Production Case Scenario: C++ inference from Python-trained models

(Davide Boschetto) #1

Hi there!
I have had this problem for a while, and never thought about asking here… why not?

I need to use some models (Convnet VGG-ResNet style)I trained in Python (either with Keras, fastai, tensorflow, cntk) for inference in a C++ production environment. The requirements are basically:

  • Speed (inference in milliseconds)
  • Small size of the library and its dependencies.

The approaches that I found are two, mainly, one the opposite of the other:

  • Use the original APIs in C++ of the respective model (pro: speed, con: huge dependencies)
  • Rewrite from scratch Conv and Dense layers (not so speedy…)
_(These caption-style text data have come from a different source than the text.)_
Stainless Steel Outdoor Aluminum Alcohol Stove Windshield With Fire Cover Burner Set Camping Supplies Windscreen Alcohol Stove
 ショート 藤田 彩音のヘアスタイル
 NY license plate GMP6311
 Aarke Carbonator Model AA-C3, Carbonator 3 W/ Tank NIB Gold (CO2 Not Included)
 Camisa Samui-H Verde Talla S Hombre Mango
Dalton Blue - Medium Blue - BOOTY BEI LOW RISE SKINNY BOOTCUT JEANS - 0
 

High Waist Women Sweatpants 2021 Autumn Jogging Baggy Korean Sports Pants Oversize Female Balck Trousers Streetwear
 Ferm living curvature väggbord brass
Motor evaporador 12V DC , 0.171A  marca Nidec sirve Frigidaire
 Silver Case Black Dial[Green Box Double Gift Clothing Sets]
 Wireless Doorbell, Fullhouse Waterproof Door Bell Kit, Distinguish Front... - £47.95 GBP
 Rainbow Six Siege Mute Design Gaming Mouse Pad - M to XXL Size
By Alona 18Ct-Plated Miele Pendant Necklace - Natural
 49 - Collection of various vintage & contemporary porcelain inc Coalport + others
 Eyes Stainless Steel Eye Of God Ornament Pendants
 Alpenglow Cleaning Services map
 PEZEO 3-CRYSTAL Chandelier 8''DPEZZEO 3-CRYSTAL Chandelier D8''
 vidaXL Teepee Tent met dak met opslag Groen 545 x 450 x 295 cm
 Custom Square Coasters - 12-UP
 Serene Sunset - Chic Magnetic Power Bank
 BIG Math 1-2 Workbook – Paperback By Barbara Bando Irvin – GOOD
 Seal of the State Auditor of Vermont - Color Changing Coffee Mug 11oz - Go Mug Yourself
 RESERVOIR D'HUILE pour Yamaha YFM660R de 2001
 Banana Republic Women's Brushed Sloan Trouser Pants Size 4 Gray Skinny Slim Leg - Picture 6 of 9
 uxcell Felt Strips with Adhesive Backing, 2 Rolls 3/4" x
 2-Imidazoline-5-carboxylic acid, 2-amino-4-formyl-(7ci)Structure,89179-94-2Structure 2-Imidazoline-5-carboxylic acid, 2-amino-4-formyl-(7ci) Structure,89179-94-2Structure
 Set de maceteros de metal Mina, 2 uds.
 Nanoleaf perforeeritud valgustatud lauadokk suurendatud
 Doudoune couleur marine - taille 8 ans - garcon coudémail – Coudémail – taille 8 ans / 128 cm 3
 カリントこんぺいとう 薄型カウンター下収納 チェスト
Had any of you somehow magically solved these issues?
Hoping for a feedback, thanks!

(Constantin) #2

You could go through Tensorflow Serving which has a C++ API as well and scales to arbitrary user numbers.
You’ll have to convert your model to TF’s protobuf format to make it work along with some other steps.
Check out these instructions by Saraj Raval:

(Constantin) #3

For smaller projects you can also use Flask.
Saraj has a video on that as well.

I deployed a little sentiment classifier model like in lesson 5 part1 to test this:

(Tuatini GODARD) #4

It really depends on the framework you use.
If you use pytorch for instance you may want to take a look at the ONNX format which allow you to export your pytorch (or model to a format readable by Caffe2. Caffe2 being production ready and is suited for IOT devices.
If you use Tensorflow/Keras you may want to export your models to its default format and then read them from the Tensorflow C++ API on your IOT device/production environment.
Ofc as you mentioned the con is having a huge dependency to the system lib. In my blog post I show how you can build tensorflow with the C++ interface as a standalone app (which means a portable project with no dependencies to the system libs excepted the basic ones which are in all systems like the libc). Hope it helps :slight_smile:

(Matthijs) #5

Another solution is to replace the VGGNet-style network with something that’s smaller and faster. Depthwise separable convolutions such as used in MobileNet are way faster than the regular convolutions + fully-connected layers that are used in VGGNet. (Of course, you’ll have to retrain your model.)

I do consulting work for deep learning on iOS and using MobileNet-style architectures it is possible to run deep neural networks in real-time (> 30 FPS) on iPhone 6 and up. I’m not sure what your environment is, and whether you have access to a GPU, but the choice of model architecture definitely makes a big impact on the speed.

(Davide Boschetto) #6

Sorry for the late reply, it’s been a tough week!
Thanks for the insights, I’ll try something this week and get back to you all!